In order for Marshall County Schools to have a school resource officer (SRO) in each of its 14 schools, the county board of education (BOE) had to request funding assistance from the commission Wednesday. Marshall County Commission Chairman James Hutcheson said the county schools were able to get its first part-time SROs from funds that the state legislators gave to the county in 2010, but he said that was “just a band-aid” for the issue.

Marshall County Schools Superintendent Cindy Wigley, Ph. D., attended the meeting, and she gave a brief presentation to inform the commission of the precarious position the county schools are in. She said county schools only have four, part-time SROs currently secured for the upcoming school year. The SROs would have to cover all 14 county schools, which makes protecting the students successfully impossible in an active shooter situation, she said.

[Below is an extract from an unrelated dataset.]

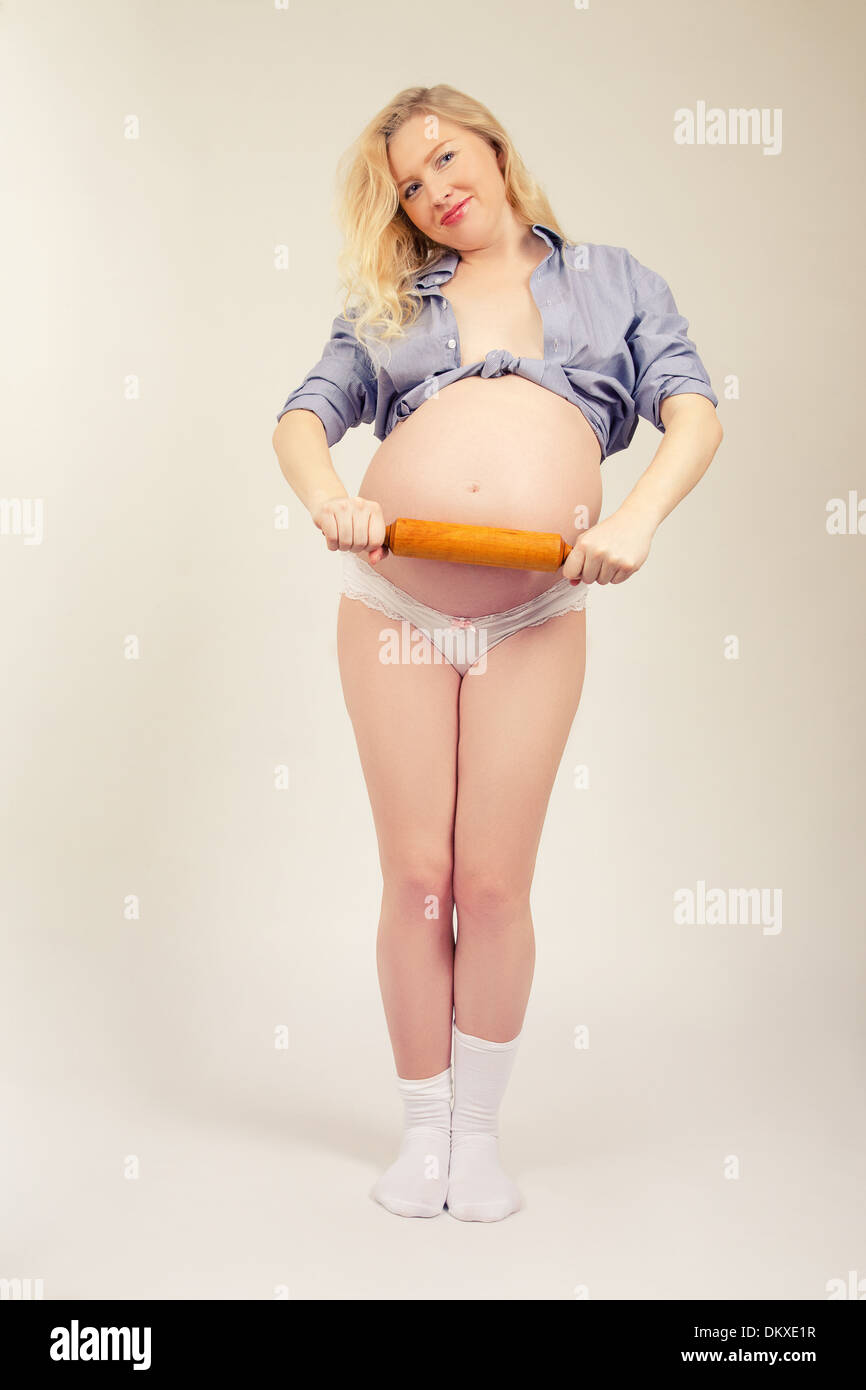 fun pregnant woman with rolling pin Stock Photo - Alamy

“Our No. 1 problem, our most immediate issue, is the safety of our students,” Wigley said. “It’s the very basic thing that we do. The sheriff and I have researched grants trying to find funding for SROs. They’re just not there. People don’t want to be responsible for someone carrying a gun. So, they don’t give money to that.”

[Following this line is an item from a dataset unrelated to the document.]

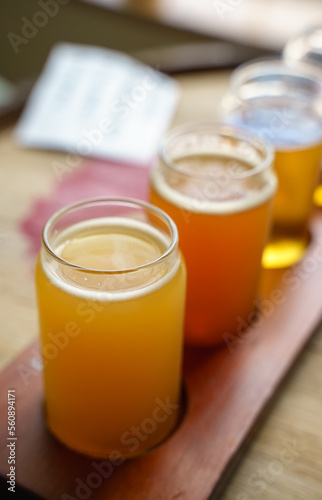 Fototapeta Naklejka Na Ścianę i Meble -  A flight of beer. Beer flights are small servings of various beers. They come in anywhere from 4-8 varieties depending on the brewery. Usually, customers will receive a small 3 – 5 oz. glass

With 5,680 students from pre-K to 12th grade and more than 1 million square feet of facilities, the county schools’ current SROs cannot effectively do their job, Wigley said. Without additional funds, she said the county school system couldn’t afford the salaries of the SROs needed to cover all 14 schools.

Unfortunately, Hutcheson said the commission doesn’t have the funds to assist with the cost of more SROs in the county schools. He said the only way to acquire additional funds would be to add a fee to the county vehicle tags. Initially, he said the fee should be $20 and then it could possibly taper down to $15 after the first year. After much discussion, the commission agreed to hold a public hearing June 26, at 9 a.m. in the commission chambers at the county courthouse in Guntersville.